* _Information shown_
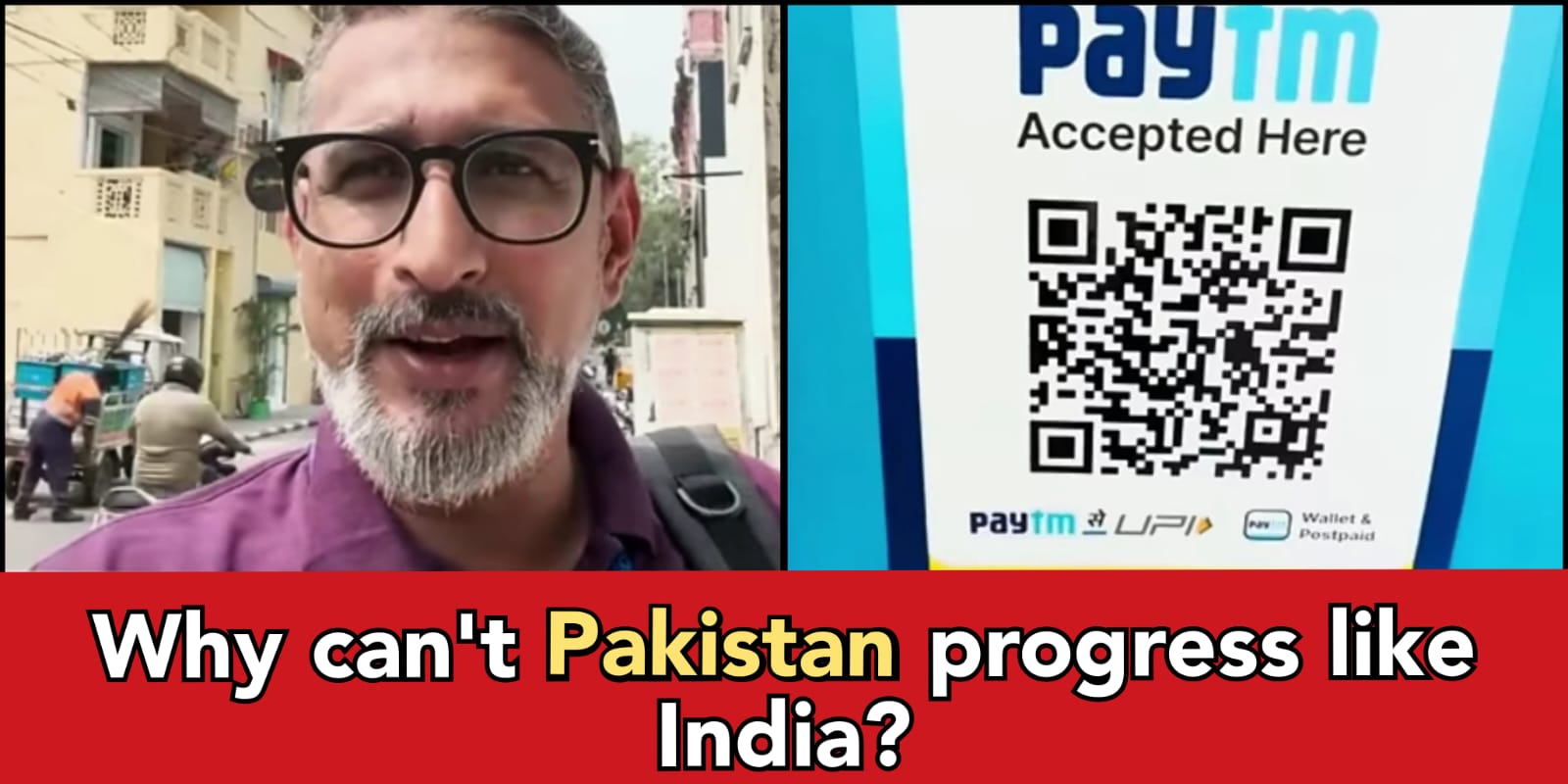 Pakistani Journalist came to cover World Cup, shocked to See UPI system of India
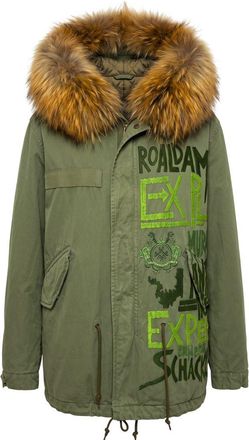 Mr & Mrs Italy Cotton Womens Womens Jacket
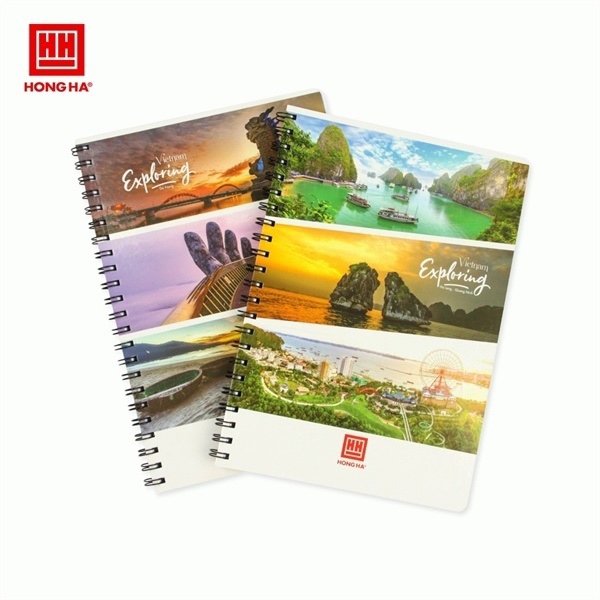 Hong Ha - Sổ lò xo A4 (200pcs)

* _Exercise prompt_
Would you retype each line above exactly and skip every image?

* _Task answer_
 Pakistani Journalist came to cover World Cup, shocked to See UPI system of India
 Mr & Mrs Italy Cotton Womens Womens Jacket
 Hong Ha - Sổ lò xo A4 (200pcs)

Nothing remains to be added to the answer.